After hearing this, I was surprised I wasn't even jealous. In fact, I had a small sense of relieve as the first thought in my head was "does this mean she will now pay less focus on me, and more focus on her?" This is so, as any focus she's had on me has always been the primary source of most of my stress and anxiety. 

I guess this confirms that, deep down I don't even care for her affection and love anymore, but mainly for her be away from me..


----------



## TicklemeRingo (Jan 11, 2013)

> she told me she has befriended another girl who lived close by to her that was around my age.


 That seems strange to me.

I mean I'm all for people looking past age-gaps for friendships...but still.

(is your mum Ronnie Wood?)


----------



## Blue Dino (Aug 17, 2013)

Arteriax said:


> I practically cut off interaction with my father, though we still live in the same house.
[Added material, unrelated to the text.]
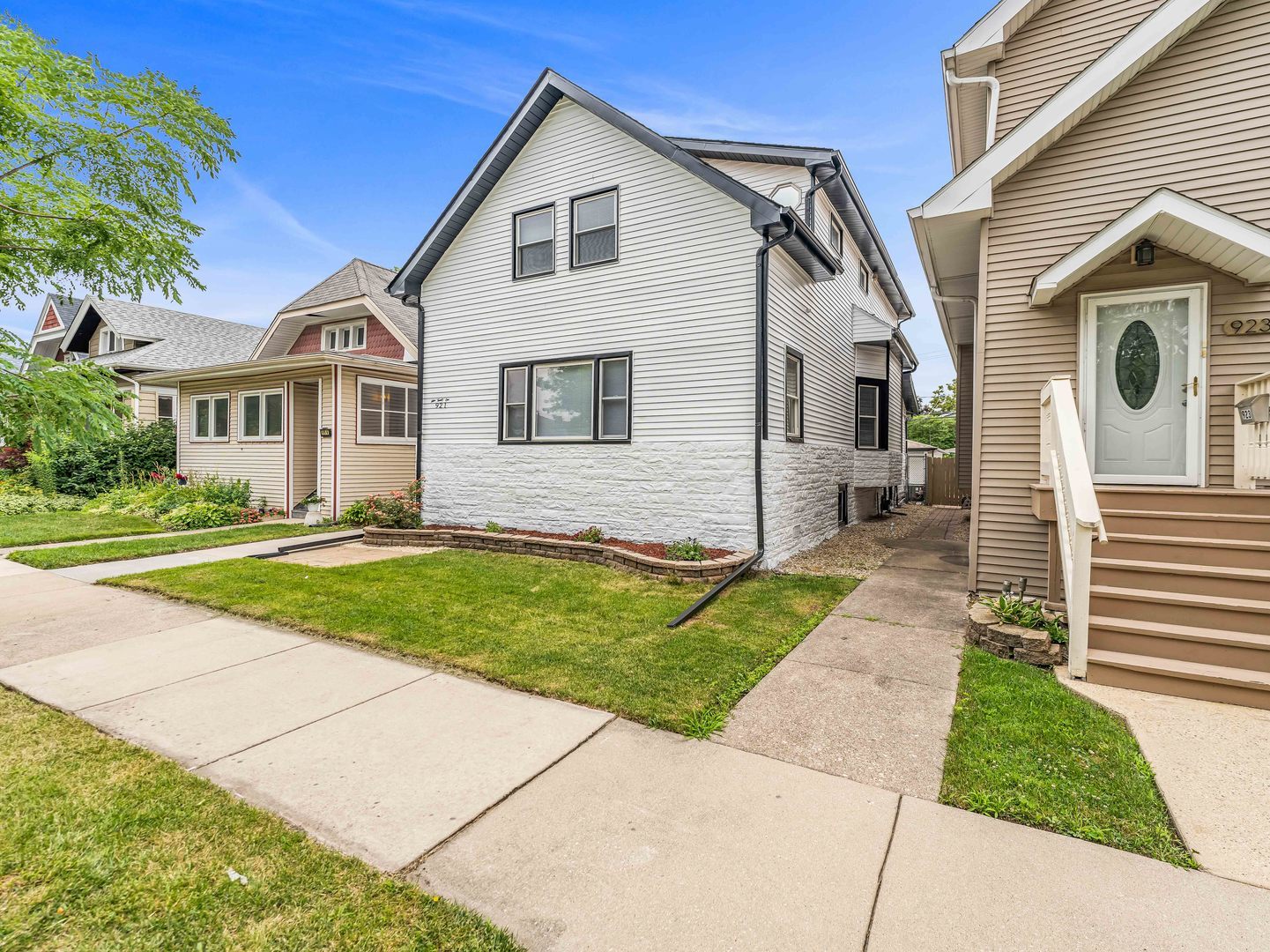 921 N Humphrey Avenue, Oak Park, IL 60302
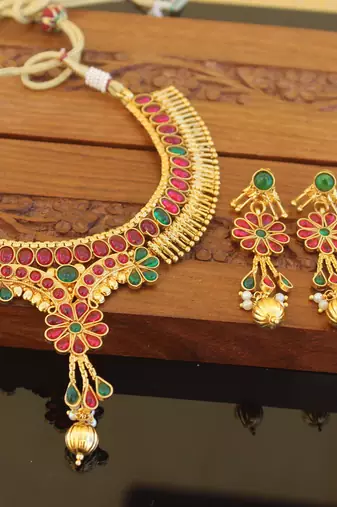 Designer gold plated kempu necklace set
I can sort of see he feels guilty and bitter about it, but he has too much pride to humble himself so I don't really care about him at all.
> 
> If your mother's already that annoying, you should just act callous around her and hint that you pay little importance to whatever comes out of her mouth. Tbh, it's not that big of a deal that you don't care for her love and affection anymore because there was already a fundamental flaw to begin with, if I infer - She only used you as an object of selfish love when she gave birth; as do most parents...


Yeah, I've already played that card for many years, and she wasn't fond of it at all. Eventually she decided she would have no more of my icy attitude towards her and it led to years of constant arguments and turmoil, which stressed me out a lot and drained me, while she seemed to enjoy it. So eventually you could say she won, and I went back to putting on that fake undignifying smile in front of her.

It's good to see that at least this apporach works out for you with your dad. My mom has been a lifelong constantly adapting narcissistic puzzle that I have yet to cracked. Like a virus that ever ending adapts to any new antibiotics.



TicklemeRingo said:


> That seems strange to me.
> 
> I mean I'm all for people looking past age-gaps for friendships...but still.
> 
> (is your mum Ronnie Wood?)


I guess there are some who are so friendly and carefree that they would be open to friendship to just about anyone if they're nice enough. I do admit, outside of my family, my mom is a very nice and kind person. Just wish she would treat her kids the same way.

Rolling Stones Ronnie Wood? I don't get it..


----------



## TicklemeRingo (Jan 11, 2013)

Blue Dino said:


> Rolling Stones Ronnie Wood? I don't get it..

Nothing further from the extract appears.